ScrapBook isn’t just an archiver. When you select a folder in the Sidebar and click on Combined View, you get all the copies it contains, one after another, in the current Firefox tab. It also has the capability to edit and/or annotate the local copies: you can highlight text, remove unwanted parts of a page, and add Sticky or Inline annotations. The first ones look like a Post-It note, the others appear when you hover with the mouse over the corresponding text.
The limits of ScrapBook…
As cool as it is, ScrapBook has some limits that, for me at least, are hard to ignore. To begin with, it is browser-specific. Besides, by default your local copies are, well, just local: they won’t be accessible from your smartphone, or from a borrowed laptop. A partial solution is to select Tools | Options | Organize in the Sidebar, immediately after installation, and tell ScrapBook to use the right folder: one that is automatically synchronized, via services like UbuntuOne or plain old rsync, to a remote location. This will give you always the same, personal Web archive from any computer that can run Firefox and ScrapBook.

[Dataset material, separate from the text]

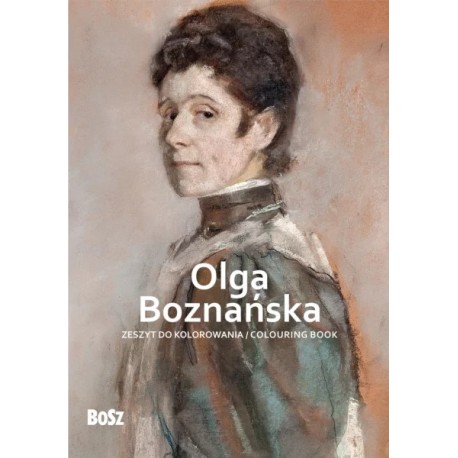 Olga Boznańska – zeszyt do kolorowania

As far as I am concerned, however, ScrapBook’s biggest issues are lack of integration with one’s bookmarks and the fact that you can’t add multiple tags to each page. My dream personal Web-archival solution would be one completely integrated with personal, online bookmarks systems like SemanticScuttle: I would like to both bookmark a Web page and make a complete copy of it in my own Web server with one click, no matter what browser or computer I’m using. If you already know how to do this, please tell us in the comments!
…and one great way to use it
In spite of these limits, ScrapBook has two other features that are very useful to me. The second thing to do right after installation, in the same panel where you set the archive location, is to enable the Multi-ScrapBook mode. When coupled with”Export as HTML”, this function makes of ScrapBook a great assistant for courseware preparation, which is one of my activities. I create separate ScrapBook folders for each of my online courses, then annotate, highlight or comment each copied page as needed. When everything is ready, I click on Tools | Export as HTML, select the right folder(s) and save. Next, I run this script, with the name of a new, non-existing folder as first argument:
1 #! /bin/bash
4 mkdir $COURSE_FOLDER
5 cd $SCRAPBOOK_HOME
6 tar cf scrap.tar tree `grep ../data/ tree/index.html | cut -d/ -f2-3`
7 mv scrap.tar $COURSE_FOLDER
7 cd $COURSE_FOLDER
8 tar xf scrap.tar
9 rm scrap.tar
Line 6 is the only important one. ScrapBook keeps all the copies it makes inside one “data” folder, one subfolder per page. The grep command in line 6 finds exactly which of those subfolders are linked from the HTML index, and passes only those names to tar.
The Konqueror window in Figure C shows the result (note the content of the location bar): a complete copy of all and only the annotated pages I wanted, with a dynamic menu. It’s all in one folder that my students can download, get by email or on a CD, to study and do homework even when they are offline!